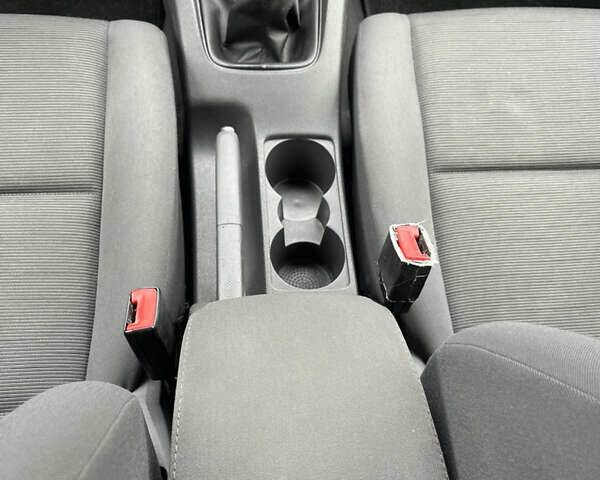 Серый Фольксваген Гольф, объемом двигателя 1.6 л и пробегом 259 тыс. км за 5400 $, фото 27 на Automoto.ua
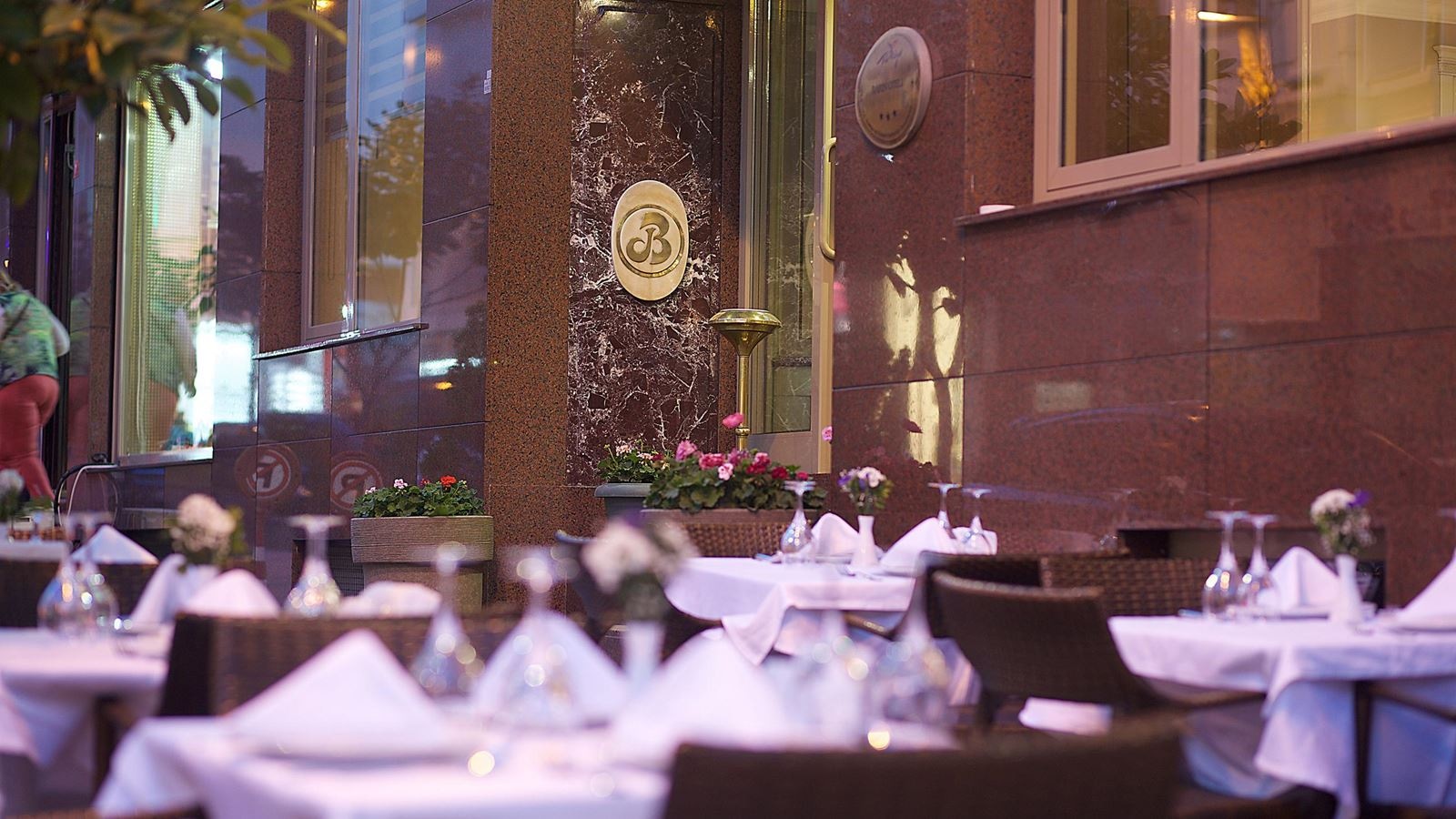 restaurants-restaurants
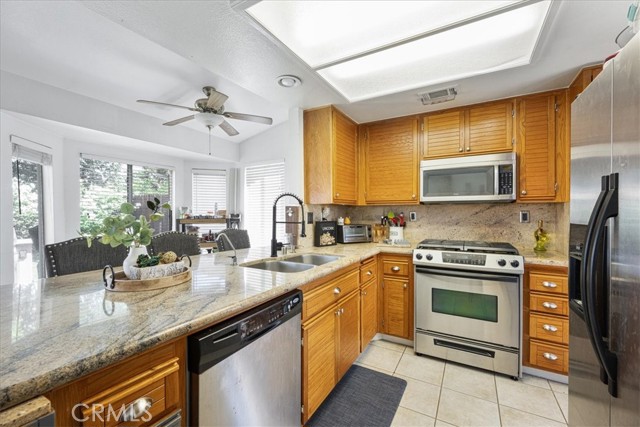 Detail Gallery Image 13 of 31 For 43444 Avenida Miraflores, Hemet,  CA 92544 - 3 Beds | 2 Baths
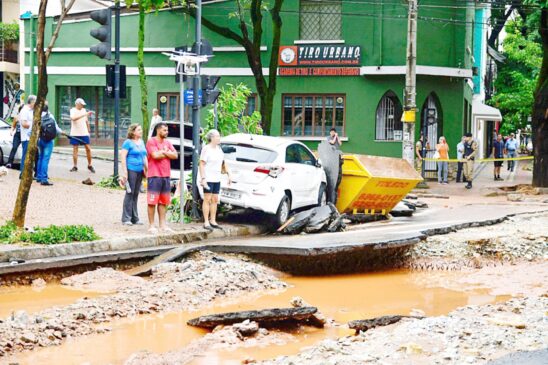 Tempestade deixou ruas s esburacadas e cobertas de lama em Lourdes, bairro nobre de Belo Horizonte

Exercise aim » Repeat verbatim the lines from the one holding "restaurants-restaurants" through the end of the listing above, both ends included, but not the pictures.

Result of the task »
 restaurants-restaurants
 Detail Gallery Image 13 of 31 For 43444 Avenida Miraflores, Hemet,  CA 92544 - 3 Beds | 2 Baths
 Tempestade deixou ruas s esburacadas e cobertas de lama em Lourdes, bairro nobre de Belo Horizonte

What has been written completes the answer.